Nala, a 10-year-old intact female Domestic Shorthair cat, was presented to the veterinary clinic with a firm, irregular mass in the left caudal mammary gland. The owner reported that the mass had grown noticeably over the past month and that Luna had become more withdrawn and less active. On physical examination, the mass was approximately 3 cm in diameter, fixed to underlying tissues, and associated with mild regional lymphadenopathy. No other abnormalities were noted on general examination.

A comprehensive diagnostic plan was initiated to characterise the mass and assess for metastasis. Fine needle aspiration suggested a malignant epithelial neoplasm, prompting surgical biopsy and histopathological evaluation.

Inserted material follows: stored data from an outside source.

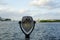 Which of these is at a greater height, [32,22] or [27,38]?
[32,22]

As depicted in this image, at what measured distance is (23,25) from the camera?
10758 millimetres

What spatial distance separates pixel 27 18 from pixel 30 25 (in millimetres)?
401

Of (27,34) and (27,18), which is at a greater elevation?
(27,18)

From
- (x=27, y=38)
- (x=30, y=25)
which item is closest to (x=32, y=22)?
(x=30, y=25)

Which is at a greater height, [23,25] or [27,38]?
[23,25]

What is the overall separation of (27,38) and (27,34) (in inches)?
9.5

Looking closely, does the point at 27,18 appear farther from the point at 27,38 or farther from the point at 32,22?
the point at 27,38

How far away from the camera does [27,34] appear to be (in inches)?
424

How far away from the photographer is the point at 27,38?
1088cm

Thoracic radiographs and abdominal ultrasound were performed to check for metastatic spread, which revealed no distant metastases at the time of diagnosis. Histopathology confirmed a diagnosis of mammary adenocarcinoma, a common and aggressive tumour in intact female cats. Immunohistochemical (IHC) staining revealed over-expression of mutant p53 protein, indicating a mutation in the TP53 tumor suppressor gene.

  Reflective question

Is the fact that the cat was not spayed relevant to the case study above?

p53 is mutated in as many as 50% of all cancers, which is a clear indication of just how important this protein is in the proper function of the cell cycle. If you lose p53 function in a cell, you lose your ability to delay the cell cycle so that there’s time to repair DNA damage. At that point, damage is less likely to get fixed before replication, and mutations accumulate at a much faster rate, with each new round of replication.

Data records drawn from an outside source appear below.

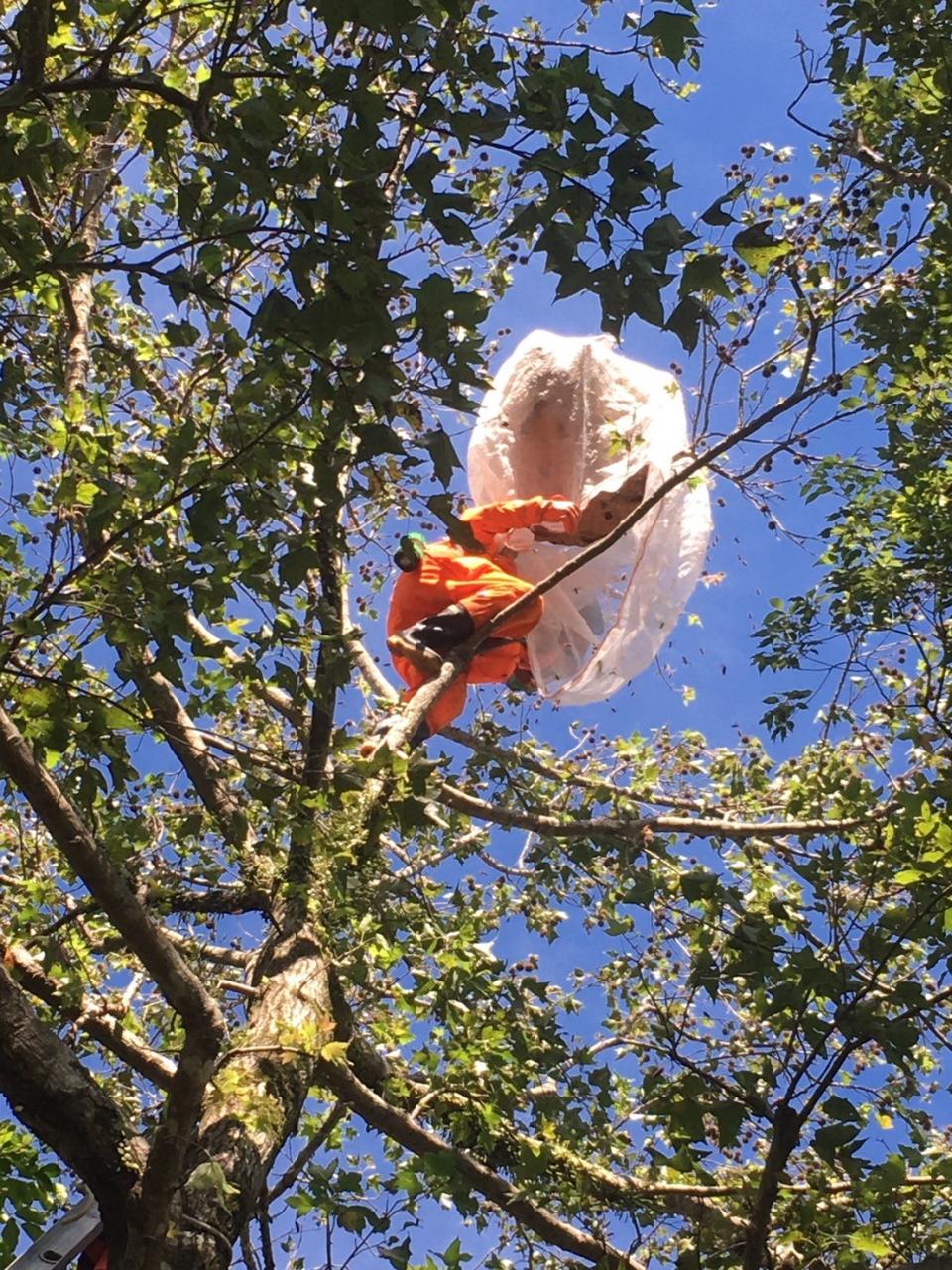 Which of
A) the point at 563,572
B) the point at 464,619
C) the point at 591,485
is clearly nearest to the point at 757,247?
the point at 563,572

Prior to the start of S phase, each chromosome in the genome was made of a single helix of DNA that is in a complex with histones to form a chromatin fibre. It has its own telomeres at each end of the chromosome and a centromere near the middle of the DNA. During DNA replication, the DNA double helix is duplicated, and the chromosome now includes two sister chromatids held together by a protein, cohesin, until they part during mitosis (Figure 8.16).

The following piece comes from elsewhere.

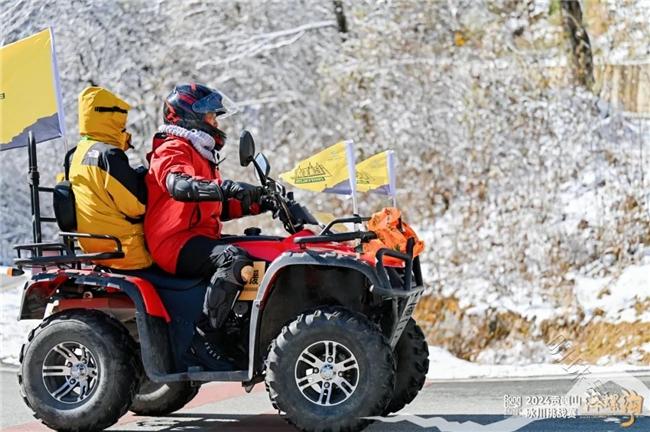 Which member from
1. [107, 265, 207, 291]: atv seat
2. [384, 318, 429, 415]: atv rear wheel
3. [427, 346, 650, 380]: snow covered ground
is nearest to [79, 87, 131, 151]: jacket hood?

Deactivation of the cyclin-CDK complex

To end M phase, M cyclin-CDK must be deactivated and stop phosphorylating its target proteins. Deactivation of the cyclin-CDK complex involves:

• shutting down the transcription and translation of new cyclin and
• degrading the cyclin proteins that already exist

Anaphase-promoting complex (APC) is a protein that transfers a small protein tag called ubiquitin to other proteins, and it tags the cyclin with ubiquitin, which results in it being sent to the proteasome for degradation. Once the cyclin is degraded, the CDK is no longer active, and all of the phosphorylation targets of the CDK can then be dephosphorylated and returned to their original state. The result is that the concentration of cyclin in the cell drops rapidly, and the CDK is also deactivated, and the cell can start the process of putting the cytosolic contents back together again in the new daughter cells, complete cytokinesis, and return to G₁. For its part, APC is deactivated in G₁. It is one of the phosphorylation targets of the activated G₁/S-cyclin-CDK complex.